Using natural logarithms for concreteness, and a generic variable $x$, the transformation $\ln \sqrt{x}$ is defined easily for positive numbers, but also can be seen to be just $\ln x^{0.5} = 0.5 \ln x$. Hence it has exactly the same effect in terms of effect on nonlinearity, asymmetry, lack of Gaussianity -- or whatever the transformation is designed to cure or improve -- as $\ln x$.
The transformation $\sqrt{\ln x}$ is defined easily for $x > 1$, but that seems also to be an artificial constraint. I'd be happy to learn of a rationale but I can't think of one. If you want a transformation that is stronger than the logarithm, the reciprocal is a simpler transformation to consider first. Reciprocals can be applied usefully so long as all values are positive or all values are negative.

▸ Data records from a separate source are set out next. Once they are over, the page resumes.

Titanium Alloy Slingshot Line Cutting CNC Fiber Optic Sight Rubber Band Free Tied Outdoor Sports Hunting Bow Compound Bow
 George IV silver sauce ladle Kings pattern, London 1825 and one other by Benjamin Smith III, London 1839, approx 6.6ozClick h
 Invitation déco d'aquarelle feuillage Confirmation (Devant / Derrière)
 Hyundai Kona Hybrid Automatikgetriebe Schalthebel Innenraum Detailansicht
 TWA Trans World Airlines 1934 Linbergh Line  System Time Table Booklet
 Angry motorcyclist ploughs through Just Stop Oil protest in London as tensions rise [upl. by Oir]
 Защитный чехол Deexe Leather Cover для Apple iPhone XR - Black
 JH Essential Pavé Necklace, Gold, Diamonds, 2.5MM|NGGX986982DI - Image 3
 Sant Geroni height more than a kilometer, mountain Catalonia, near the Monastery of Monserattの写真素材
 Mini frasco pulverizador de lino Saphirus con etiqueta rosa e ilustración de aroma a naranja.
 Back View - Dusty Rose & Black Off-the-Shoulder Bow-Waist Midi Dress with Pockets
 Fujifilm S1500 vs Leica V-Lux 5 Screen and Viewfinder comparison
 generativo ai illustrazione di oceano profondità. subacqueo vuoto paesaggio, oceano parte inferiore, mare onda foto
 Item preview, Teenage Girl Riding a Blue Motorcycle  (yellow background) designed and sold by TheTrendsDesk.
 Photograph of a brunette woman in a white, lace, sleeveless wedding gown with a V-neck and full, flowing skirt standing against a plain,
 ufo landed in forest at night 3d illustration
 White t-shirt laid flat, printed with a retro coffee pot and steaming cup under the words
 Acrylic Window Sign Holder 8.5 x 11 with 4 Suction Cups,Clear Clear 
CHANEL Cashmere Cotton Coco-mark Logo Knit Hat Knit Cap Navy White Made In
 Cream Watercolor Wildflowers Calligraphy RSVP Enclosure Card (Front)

Generally, there certainly are useful transformations that can be regarded as two-step functions, e.g. the logit $\ln [p / (1 - p)]$ or the angular transformation $\arcsin \sqrt{p}$. Here the domain is now proportions or probabilities $p$ and $0 < p < 1$ for logit and $0 \le p \le 1$ for angular. If a transformation is useful and natural enough, we tend to regard it as a function directly defined and named, so that (e.g.) statistical software commonly supplies logit functions for immediate use.
Some might want to underline that in some contexts complex results, i.e. those with real and imaginary parts, might be interesting or useful.